What you should do
Without pictures, repeat the lines of the entries from the one containing "Famirel Provence Radiance" through the last, both ends included, and nothing else.

Short descriptive text snippets
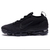 VAPORMAX FLYKNIT 5 - Fs sneakers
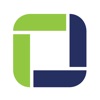 First Capital Bank App icon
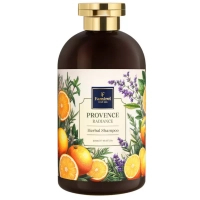 Famirel Provence Radiance Shampoo 500 ml (7290114087193)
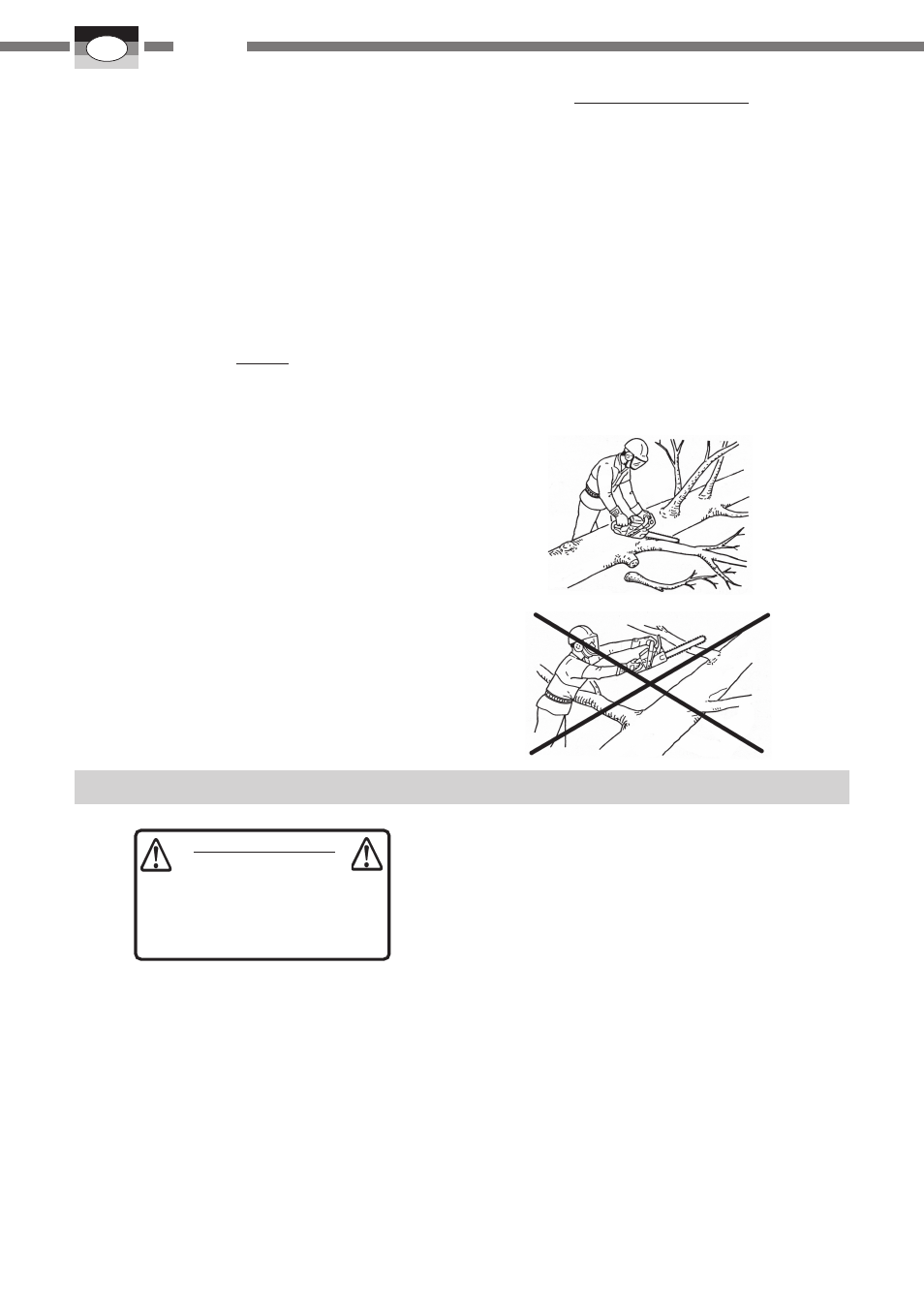 IBEA 4000 Series User Manual | Page 58 / 120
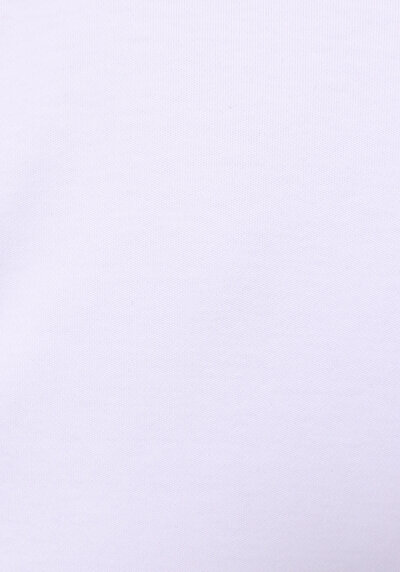 Image de Tricoter Blanc Regular Fit  Femme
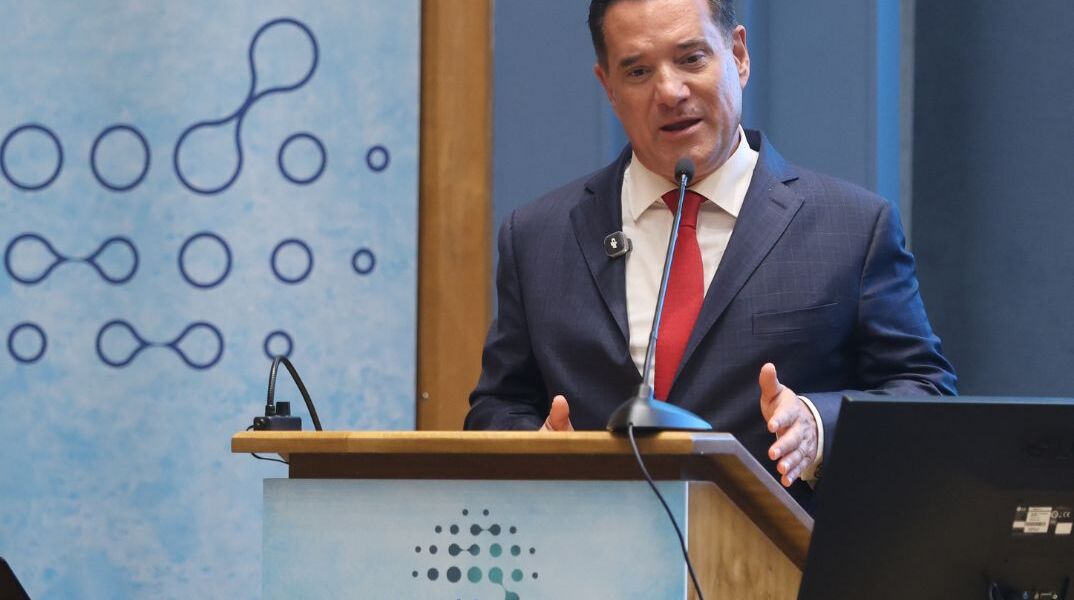 Γεωργιάδης από τα Ιωάννινα: Προσλήψεις γιατρών και νοσηλευτών, δωρεάν εξετάσεις στα ΚΑΠΗ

Written solution
 Famirel Provence Radiance Shampoo 500 ml (7290114087193)
 IBEA 4000 Series User Manual | Page 58 / 120
 Image de Tricoter Blanc Regular Fit  Femme
 Γεωργιάδης από τα Ιωάννινα: Προσλήψεις γιατρών και νοσηλευτών, δωρεάν εξετάσεις στα ΚΑΠΗ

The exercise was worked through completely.